• **Exercise goal**
Among these records, which lines include "Bottle"? Copy them out.

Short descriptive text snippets
**********
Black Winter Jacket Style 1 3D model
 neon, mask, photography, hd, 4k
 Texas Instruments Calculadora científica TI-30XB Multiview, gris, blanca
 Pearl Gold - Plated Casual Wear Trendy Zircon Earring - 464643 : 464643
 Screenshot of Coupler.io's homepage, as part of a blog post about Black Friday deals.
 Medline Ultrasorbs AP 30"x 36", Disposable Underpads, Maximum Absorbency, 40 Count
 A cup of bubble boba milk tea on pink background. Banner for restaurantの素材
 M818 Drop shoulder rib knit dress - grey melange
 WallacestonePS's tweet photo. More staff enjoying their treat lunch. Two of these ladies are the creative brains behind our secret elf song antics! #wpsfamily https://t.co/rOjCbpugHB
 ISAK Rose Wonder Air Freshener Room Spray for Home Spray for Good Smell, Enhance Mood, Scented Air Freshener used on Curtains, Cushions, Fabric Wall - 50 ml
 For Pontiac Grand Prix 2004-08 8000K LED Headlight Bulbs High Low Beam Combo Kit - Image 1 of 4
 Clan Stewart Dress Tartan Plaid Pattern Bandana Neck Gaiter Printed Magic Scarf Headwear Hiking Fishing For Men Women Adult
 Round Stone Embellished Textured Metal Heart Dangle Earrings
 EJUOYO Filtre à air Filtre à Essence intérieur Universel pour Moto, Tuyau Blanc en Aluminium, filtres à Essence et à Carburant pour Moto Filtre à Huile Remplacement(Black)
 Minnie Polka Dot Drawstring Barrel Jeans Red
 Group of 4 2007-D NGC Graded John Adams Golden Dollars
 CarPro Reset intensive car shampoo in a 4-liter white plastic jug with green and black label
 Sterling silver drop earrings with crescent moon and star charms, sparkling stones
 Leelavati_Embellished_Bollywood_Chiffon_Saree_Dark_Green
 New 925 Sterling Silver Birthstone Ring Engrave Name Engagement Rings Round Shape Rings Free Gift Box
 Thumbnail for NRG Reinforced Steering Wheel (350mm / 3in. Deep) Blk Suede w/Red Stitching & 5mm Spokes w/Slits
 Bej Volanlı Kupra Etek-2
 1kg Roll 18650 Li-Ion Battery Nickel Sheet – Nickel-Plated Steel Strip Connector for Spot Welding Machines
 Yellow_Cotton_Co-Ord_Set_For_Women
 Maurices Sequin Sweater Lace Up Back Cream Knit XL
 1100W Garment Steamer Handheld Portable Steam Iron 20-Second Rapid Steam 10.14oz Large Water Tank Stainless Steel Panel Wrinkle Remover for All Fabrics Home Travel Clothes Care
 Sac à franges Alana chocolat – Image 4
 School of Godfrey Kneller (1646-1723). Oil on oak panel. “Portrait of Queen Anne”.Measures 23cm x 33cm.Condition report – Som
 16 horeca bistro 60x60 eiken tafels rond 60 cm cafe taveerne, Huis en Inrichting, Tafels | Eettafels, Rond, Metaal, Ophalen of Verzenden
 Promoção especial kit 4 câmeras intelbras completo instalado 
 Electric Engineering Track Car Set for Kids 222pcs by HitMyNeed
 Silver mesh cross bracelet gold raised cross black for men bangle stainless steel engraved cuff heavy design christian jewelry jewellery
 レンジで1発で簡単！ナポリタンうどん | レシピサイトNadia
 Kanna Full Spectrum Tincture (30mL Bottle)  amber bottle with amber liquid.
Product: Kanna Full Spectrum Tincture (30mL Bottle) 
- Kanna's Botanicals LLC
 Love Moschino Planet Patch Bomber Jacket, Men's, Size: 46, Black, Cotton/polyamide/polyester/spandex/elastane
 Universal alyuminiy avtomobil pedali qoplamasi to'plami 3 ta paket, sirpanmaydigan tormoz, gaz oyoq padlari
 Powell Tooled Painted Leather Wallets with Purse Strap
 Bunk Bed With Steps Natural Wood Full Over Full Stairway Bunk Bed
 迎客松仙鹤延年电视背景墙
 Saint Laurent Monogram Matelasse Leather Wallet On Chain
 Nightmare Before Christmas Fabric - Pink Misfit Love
**********
• **The completed task**
 Kanna Full Spectrum Tincture (30mL Bottle)  amber bottle with amber liquid.
Product: Kanna Full Spectrum Tincture (30mL Bottle) 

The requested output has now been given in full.